By Brooke Kuei
Light-emitting diodes (LEDs), devices that convert electrical current into emitted light, are used in lighting, displays, and sensors, and offer the advantages of lower energy consumption, longer lifetime, and smaller size. An emerging material for LEDs is perovskites, a class of nanocrystals that can emit light across the entire visible spectrum, including the deep blue range, an area that some LED technologies struggle with.
The perfect LED would emit all of its light out of its surface, but in reality, the light is emitted in many different directions and some is trapped inside the device. In a study recently published in Nano Letters, a team of researchers led by Molecular Foundry scientists have created thin platelets of cesium lead halide perovskites in which the asymmetric shape of the nanocrystals causes the direction of emitted light to be nearly perpendicular to the surface.

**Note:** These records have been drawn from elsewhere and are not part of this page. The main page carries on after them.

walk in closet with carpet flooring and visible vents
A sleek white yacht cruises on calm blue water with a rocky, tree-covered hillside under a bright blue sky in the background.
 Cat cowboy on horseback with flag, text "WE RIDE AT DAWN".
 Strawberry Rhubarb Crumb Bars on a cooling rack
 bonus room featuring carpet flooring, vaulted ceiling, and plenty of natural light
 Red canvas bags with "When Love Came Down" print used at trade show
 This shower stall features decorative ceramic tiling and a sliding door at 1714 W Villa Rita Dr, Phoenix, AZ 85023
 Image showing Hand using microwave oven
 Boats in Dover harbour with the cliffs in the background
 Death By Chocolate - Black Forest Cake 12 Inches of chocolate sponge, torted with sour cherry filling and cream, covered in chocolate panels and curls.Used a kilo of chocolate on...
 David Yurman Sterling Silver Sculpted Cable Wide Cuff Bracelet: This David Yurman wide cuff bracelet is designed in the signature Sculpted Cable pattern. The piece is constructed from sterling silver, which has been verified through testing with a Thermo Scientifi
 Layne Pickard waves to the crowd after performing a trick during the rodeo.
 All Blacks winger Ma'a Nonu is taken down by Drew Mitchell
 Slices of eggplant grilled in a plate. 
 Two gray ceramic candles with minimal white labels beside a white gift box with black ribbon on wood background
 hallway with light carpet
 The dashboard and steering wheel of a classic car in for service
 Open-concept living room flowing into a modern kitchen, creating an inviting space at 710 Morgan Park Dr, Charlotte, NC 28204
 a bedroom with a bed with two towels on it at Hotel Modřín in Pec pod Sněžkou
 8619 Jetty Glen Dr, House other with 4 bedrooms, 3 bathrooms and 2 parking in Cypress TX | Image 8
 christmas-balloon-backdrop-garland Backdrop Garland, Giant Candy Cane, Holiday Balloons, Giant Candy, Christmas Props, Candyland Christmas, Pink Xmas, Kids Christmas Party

“We found that by making tiny platelets, we are able to ‘squeeze the light’ and steer the emitted light outwards,” said Yi Liu, facility director of the Organic and Macromolecular Synthesis Facility at the Foundry and principal investigator of the study.
This study was spurred by the observation that perovskite cubes, which are symmetric and should emit light equally in all directions, actually emit light in a specific way – parallel to the surface they are on, which is less useful for LEDs. “When cubes are placed onto a surface, you create an asymmetric system,” explained Matthew Jurow, lead author of the study. “But the cubes direct the light the wrong way. So we moved from cubes to flat platelets and found that we were able to push the light in the right direction.”
However, changing the shape of the perovskite crystals into thin, flat platelets only partially controlled the emitted light. To increase light emission outwards even more, the researchers added a layer of aluminum oxide on top of the perovskites. Since aluminum oxide creates a similar electrical environment to the underlying surface on which the perovskites are lying, the additional layer can counter the interactions from the surface and push the emitted light in a direction more perpendicular to the surface.
Now that the researchers have created a system that enhances emitted light in the outward direction, Liu says that the next step will be to make actual LED devices out of their perovskite platelets. The researchers are also designing electrodes that would be integrated with perovskite nanocrystals to apply an externally controlled electric field as another means of controlling the direction of emitted light.